◆ **YOUR INSTRUCTIONS**: Output the line that contains "JAC J7 2023 года за 4 640 000 тг. в Уральск", then every line beneath it through the end of the records, exactly as given and with no other lines.

◆ **SUPPLIED MATERIAL**:
---------------
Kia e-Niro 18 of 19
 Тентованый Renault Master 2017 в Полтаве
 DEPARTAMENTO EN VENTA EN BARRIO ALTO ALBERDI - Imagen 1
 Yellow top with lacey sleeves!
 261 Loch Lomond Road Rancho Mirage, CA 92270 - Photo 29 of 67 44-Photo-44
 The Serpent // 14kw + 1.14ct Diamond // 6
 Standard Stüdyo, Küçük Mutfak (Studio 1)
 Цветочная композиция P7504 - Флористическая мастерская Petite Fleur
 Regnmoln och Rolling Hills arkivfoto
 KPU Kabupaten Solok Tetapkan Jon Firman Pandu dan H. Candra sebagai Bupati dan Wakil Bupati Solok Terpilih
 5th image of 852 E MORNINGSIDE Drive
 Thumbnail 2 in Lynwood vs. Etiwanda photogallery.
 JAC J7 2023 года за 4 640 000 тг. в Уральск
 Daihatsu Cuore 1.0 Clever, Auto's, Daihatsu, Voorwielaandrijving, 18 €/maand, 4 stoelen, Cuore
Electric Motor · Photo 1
---------------
◆ **EXERCISE RESULT**:
 JAC J7 2023 года за 4 640 000 тг. в Уральск
 Daihatsu Cuore 1.0 Clever, Auto's, Daihatsu, Voorwielaandrijving, 18 €/maand, 4 stoelen, Cuore
Electric Motor · Photo 1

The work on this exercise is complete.